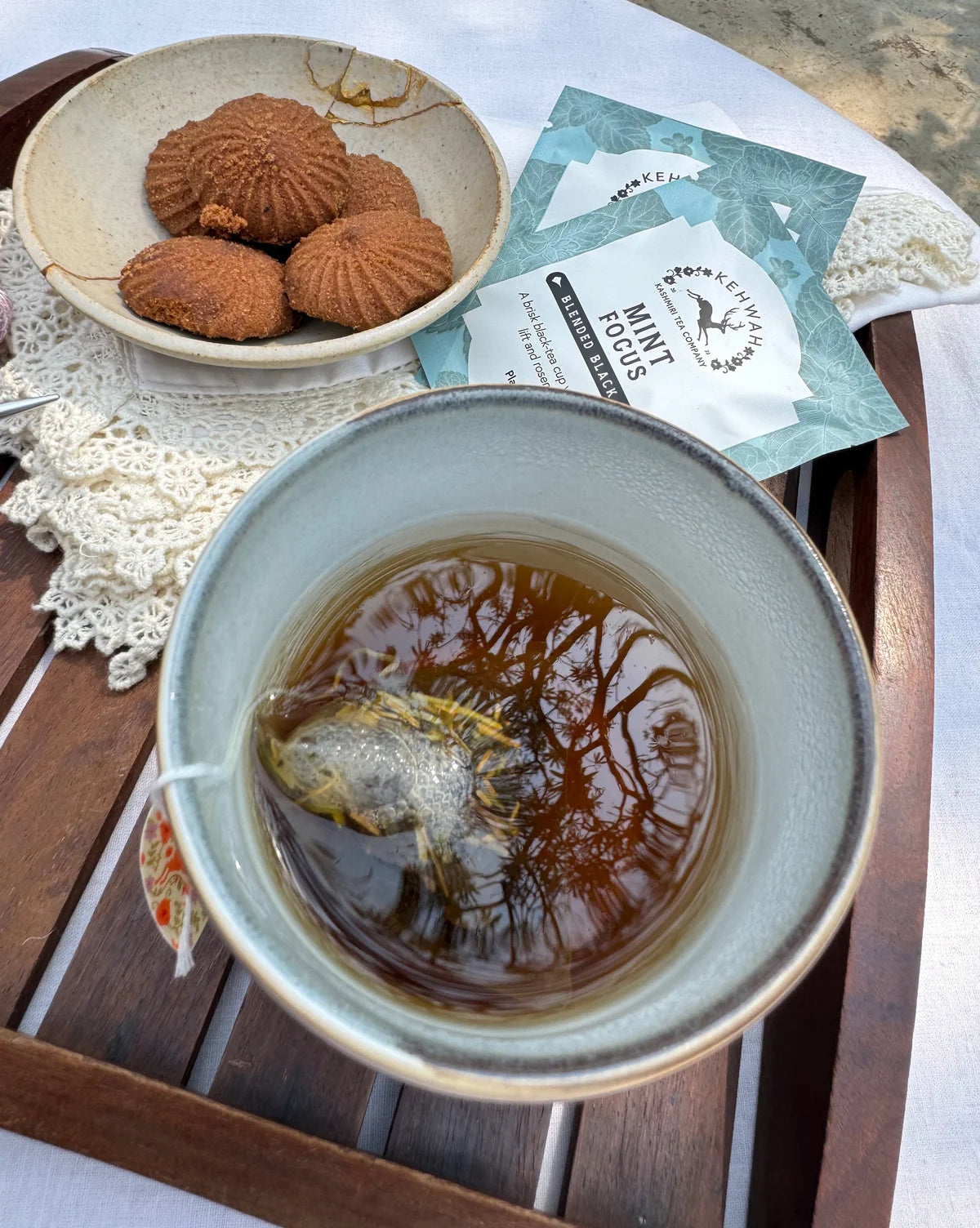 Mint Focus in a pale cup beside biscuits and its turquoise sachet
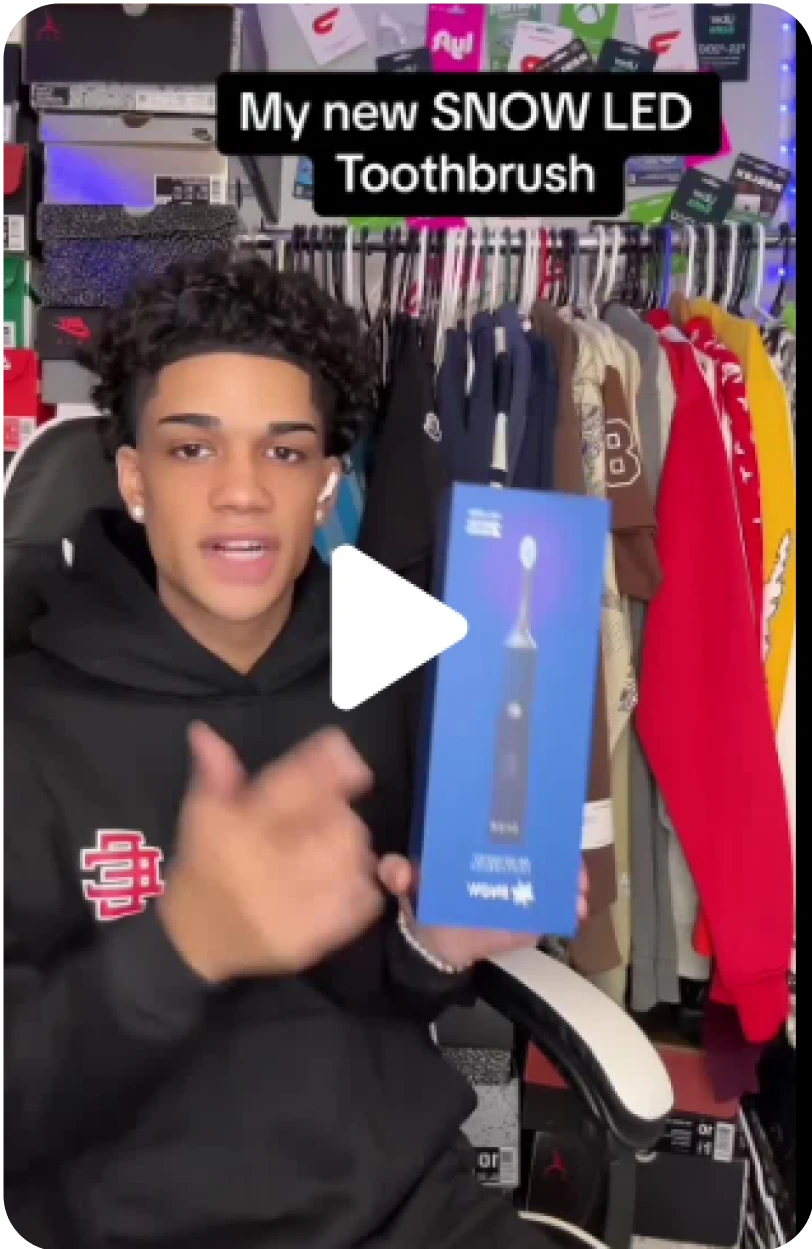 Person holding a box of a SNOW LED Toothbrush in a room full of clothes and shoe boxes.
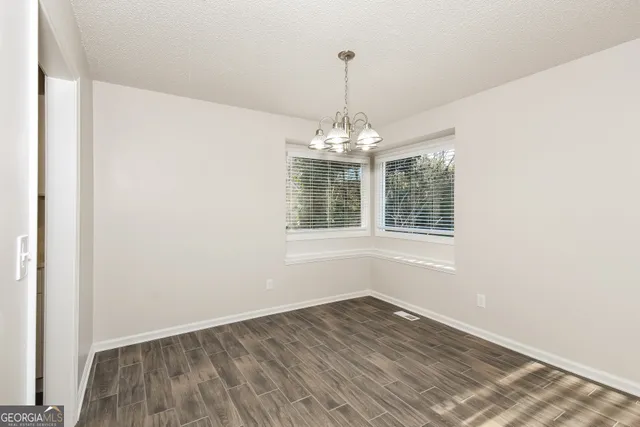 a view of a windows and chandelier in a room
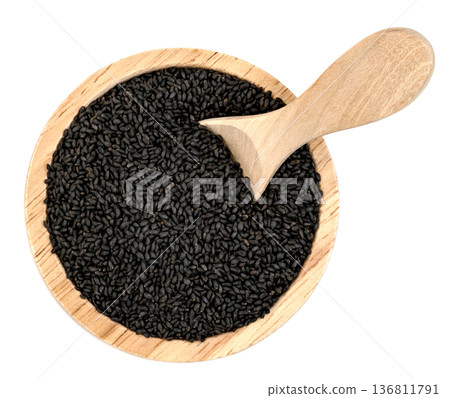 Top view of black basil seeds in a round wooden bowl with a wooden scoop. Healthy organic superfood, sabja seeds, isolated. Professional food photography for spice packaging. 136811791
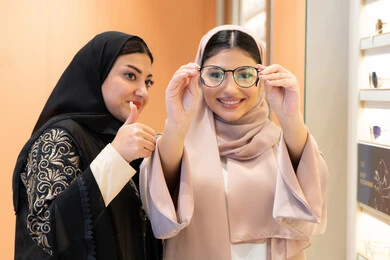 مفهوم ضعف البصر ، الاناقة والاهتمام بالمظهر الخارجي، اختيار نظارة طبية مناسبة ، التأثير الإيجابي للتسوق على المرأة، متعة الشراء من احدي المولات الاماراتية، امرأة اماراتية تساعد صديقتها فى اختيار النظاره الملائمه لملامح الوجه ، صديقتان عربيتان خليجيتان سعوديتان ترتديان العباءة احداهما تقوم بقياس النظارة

::::::::

**What the task asks**
Each line from the one containing "Person holding a" through the last line of the data should be written out exactly. Skip the pictures, and add no other lines.

**Final answer**
 Person holding a box of a SNOW LED Toothbrush in a room full of clothes and shoe boxes.
 a view of a windows and chandelier in a room
 Top view of black basil seeds in a round wooden bowl with a wooden scoop. Healthy organic superfood, sabja seeds, isolated. Professional food photography for spice packaging. 136811791
 مفهوم ضعف البصر ، الاناقة والاهتمام بالمظهر الخارجي، اختيار نظارة طبية مناسبة ، التأثير الإيجابي للتسوق على المرأة، متعة الشراء من احدي المولات الاماراتية، امرأة اماراتية تساعد صديقتها فى اختيار النظاره الملائمه لملامح الوجه ، صديقتان عربيتان خليجيتان سعوديتان ترتديان العباءة احداهما تقوم بقياس النظارة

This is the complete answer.